Exercise goal - Word for word, give the data again without its pictures.

Stored data -
↓
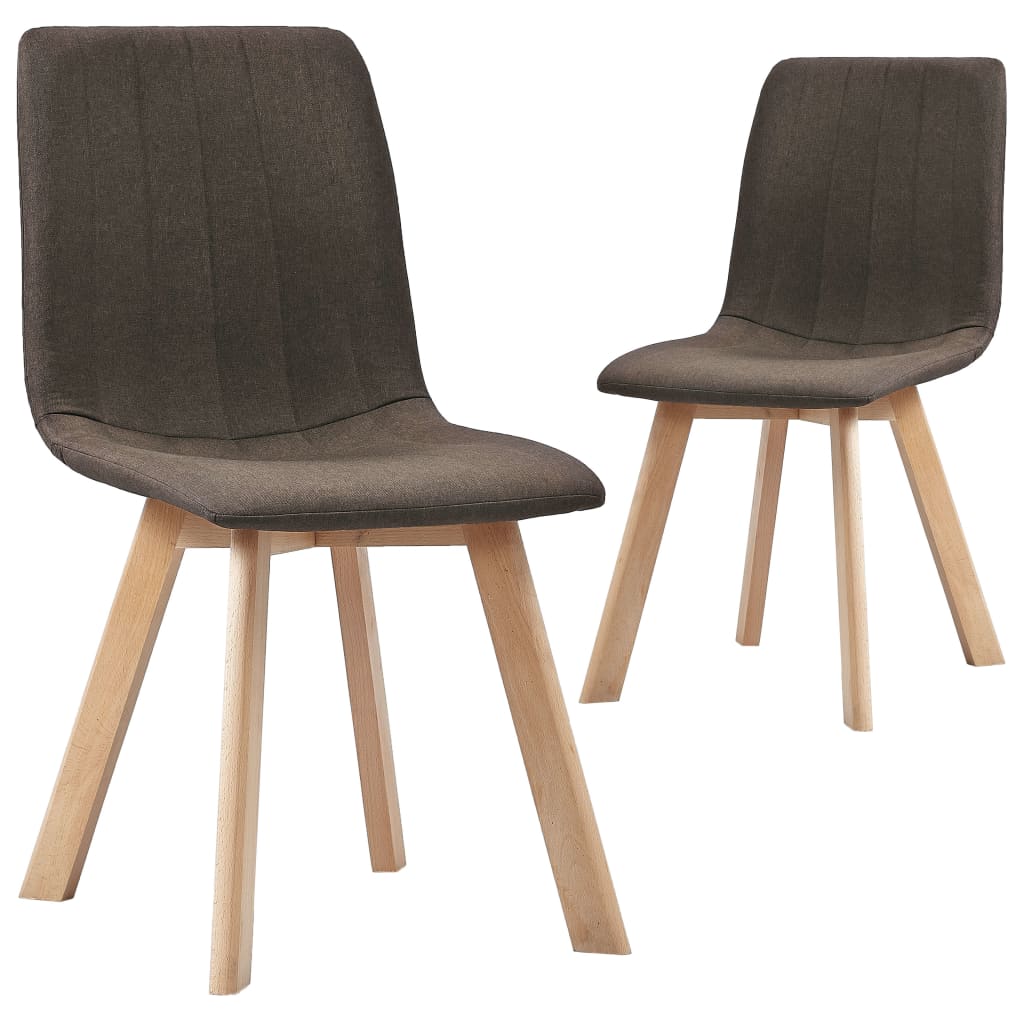 vidaXL Eetkamerstoelen 2 st stof lichtgrijs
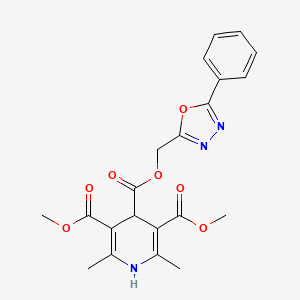 molecular formula C21H21N3O7 B7453622 3-O,5-O-dimethyl 4-O-[(5-phenyl-1,3,4-oxadiazol-2-yl)methyl] 2,6-dimethyl-1,4-dihydropyridine-3,4,5-tricarboxylate 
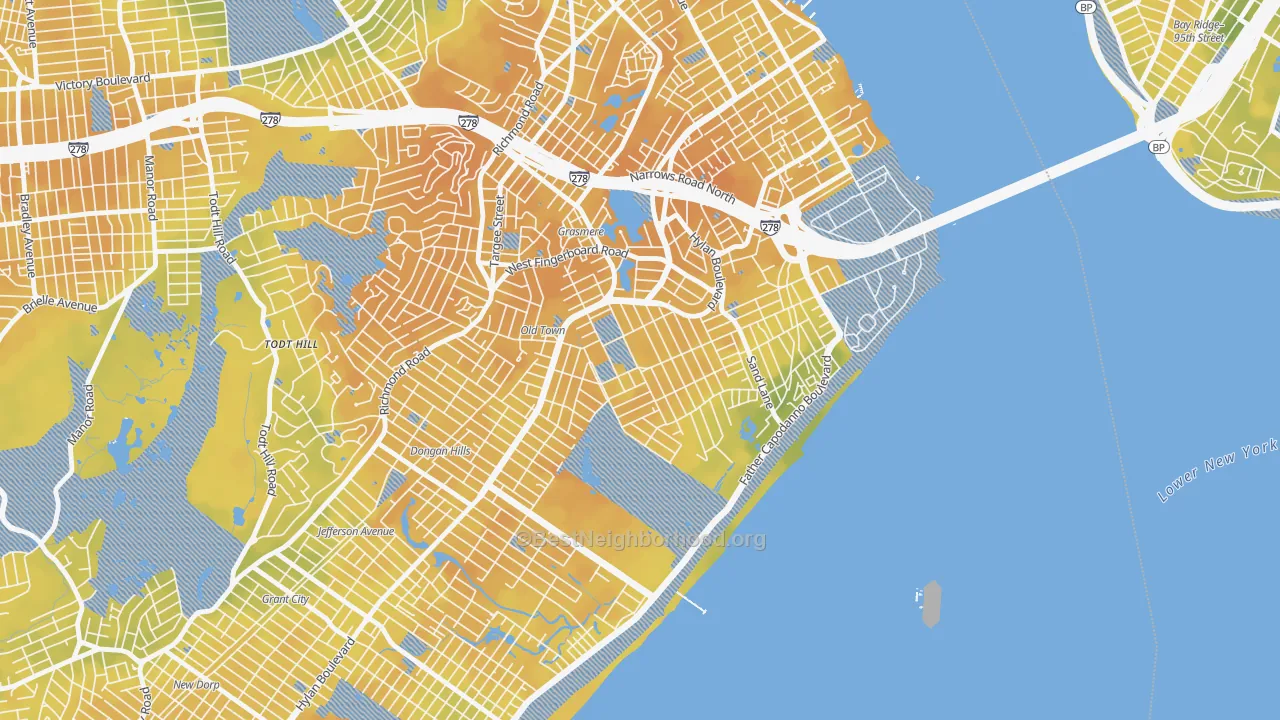 Bike Grade map of South Beach, Staten Island, NY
↑
Output for this task -
 vidaXL Eetkamerstoelen 2 st stof lichtgrijs
 molecular formula C21H21N3O7 B7453622 3-O,5-O-dimethyl 4-O-[(5-phenyl-1,3,4-oxadiazol-2-yl)methyl] 2,6-dimethyl-1,4-dihydropyridine-3,4,5-tricarboxylate 
 Bike Grade map of South Beach, Staten Island, NY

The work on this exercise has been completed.